Speakers include Christopher D. Cerf, Deputy Chancellor for Organizational Strategy, Human Capital and External Relations, New York City Department of Education; Carmen Colon, Executive Director, Association of New York City Education Councils; Ernest A. Logan, President, New York City Council of School Supervisors and Administrators; Alan Maisel, Member, New York State Assembly (D-Brooklyn); and Merryl Tisch, Vice Chancellor, New York State Board of Regents. Samuel G. Freedman, columnist, On Education, New York Times, and professor, Columbia University Graduate School of Journalism, moderates the panel.
When Mayor Michael Bloomberg took office, one of his top priorities was to repair the city's ailing public schools. The state gave him control of the school system five years ago and must soon decide whether to extend that power to future administrations.
Are the schools more accountable today? Are students and teachers more successful? Are parents more fully engaged? Are principals more effective? What is the track record of mayoral control - and should it continue after 2009?- The New School
Christopher Cerf is currently Deputy Chancellor of the New York City Department of Education. Previously, he was a partner in the Public Private Strategy Group, which advises school districts pursuing comprehensive reform strategies. In that capacity, he served for a year as New York City Chancellor Joel Klein’s Chief Advisor on Transformation.
Carmen Colon is the Executive Director of the Association of New York City Education Councils.
Samuel G. Freedman
Samuel Freedman teaches journalism at Columbia University's Graduate School of Journalism. He is the author of six nonfiction books and runs a renowned book-writing seminar each spring.
Joel Klein is Chancellor of the New York City Department of Education, the largest public school system in the United States with over 1.1 million students in over 1,420 schools.
Prior to his appointment to Chancellor in 2002 by Mayor Michael Bloomberg, Klein served as Assistant Attorney General of the United States in charge of the Antitrust Division.
Klein may be best remembered for prosecuting the United States Department of Justice anti-trust case against Microsoft. Before heading up the Antitrust Division, Klein was the deputy to Anne Bingaman, (the wife of Sen. Jeff Bingaman of New Mexico) in that office, and worked in the White House Counsel's office. He was in private practice for many years, specializing in appellate cases.

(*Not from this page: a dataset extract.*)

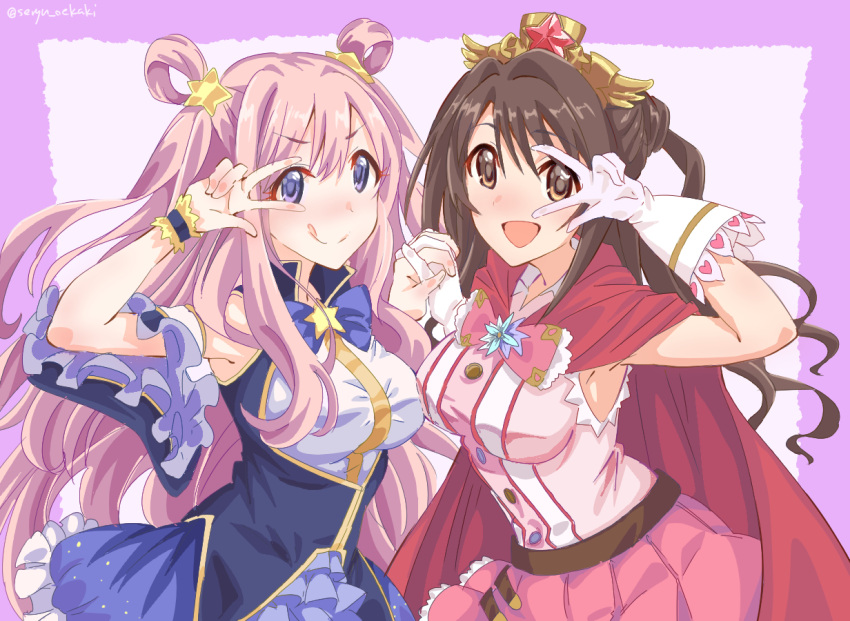 2girls armpits breasts brown_hair cloak eyebrows_visible_through_hair hair_between_eyes hatsune_(princess_connect!) idolmaster idolmaster_cinderella_girls large_breasts long_hair multiple_girls pink_hair princess_connect! seryu_oekaki shimamura_uzuki smile violet_eyes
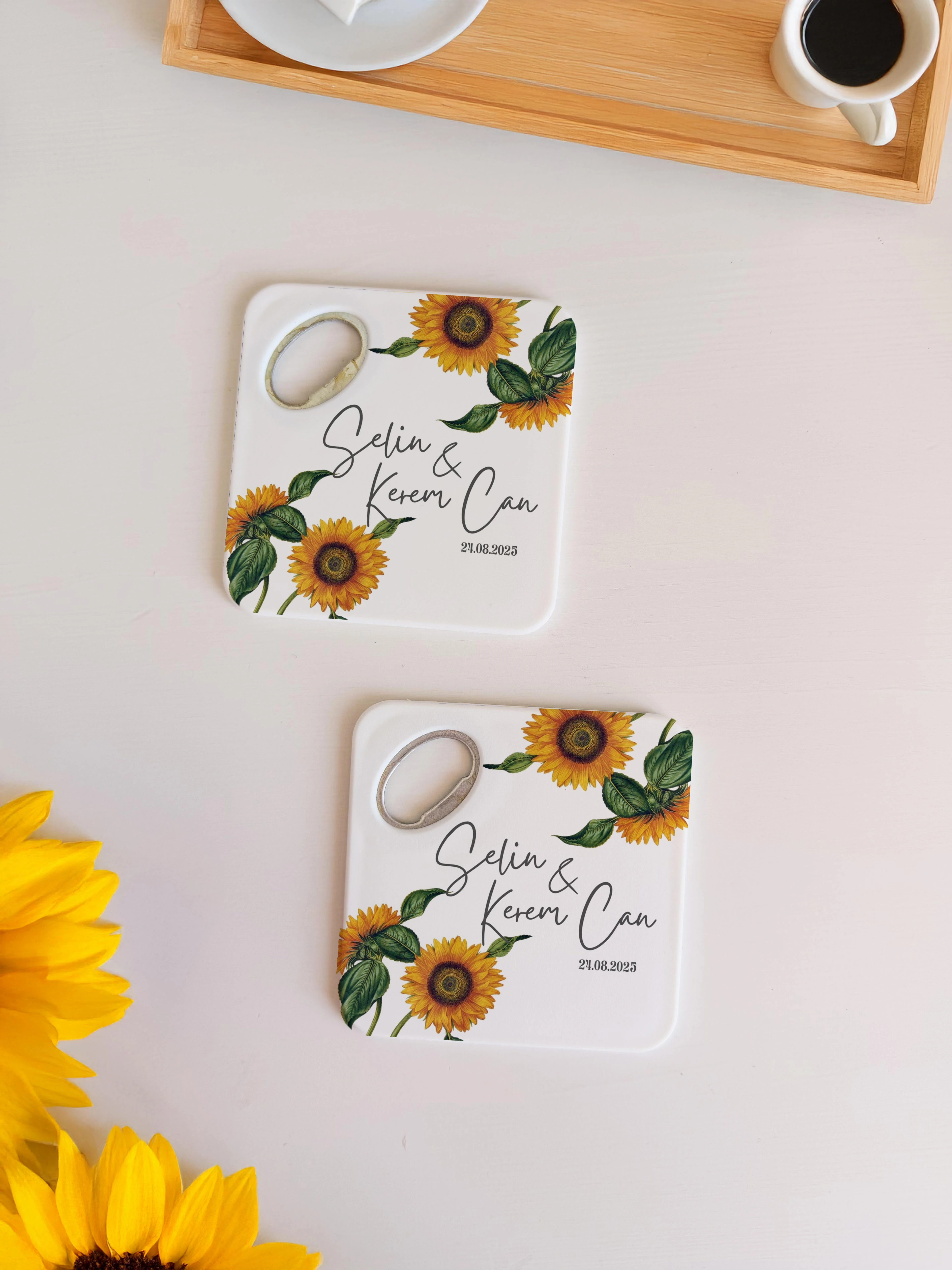 Ayçiçek desenli beyaz tasarım magnet açacak bardak altlığı kişiye özel düğün nişan hediyelik 20 adet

Klein received his B.A. from Columbia and his J.D. from Harvard Law School. He served as a clerk to U.S. Supreme Court Justice Lewis Powell.
Ernest A. Logan
Ernest A. Logan was elected President of the New York City Council of School Supervisors and Administrators in November 2006 and began serving the union as President on February 1, 2007.
Alan Maisel represents District 59 in the New York State Assembly, which includes large portions of Southeast Brooklyn.
Prior to his election to the Assembly, Maisel served as a member of Community Board #18. Prior to that he served as an Administrative Assistant to Congressman Charles Schumer and Chief of Staff to Assemblyman Frank R. Seddio, who preceded him in office.
He also served as the Assistant Director of the New York State Legislative Task Force on Reapportionment from 1972-1982.
Merryl H. Tisch was appointed to the New York State Board of Regents on April 1, 1996 and reelected to five year terms on April 1, 2001 and April 1, 2006.
She was elected Vice Chancellor by her colleagues effective April 1, 2007.
Andrew White is Director of the Center for New York City Affairs at Milano The New School for Management and Urban Policy. He is a writer on New York City politics, government, neighborhoods and grassroots movements.
Carmen Colon, Executive Director of the Association of New York City Education Councils, criticizes the school system for being run by a chancellor with no experience in education and for discouraging input from parents on policy decisions.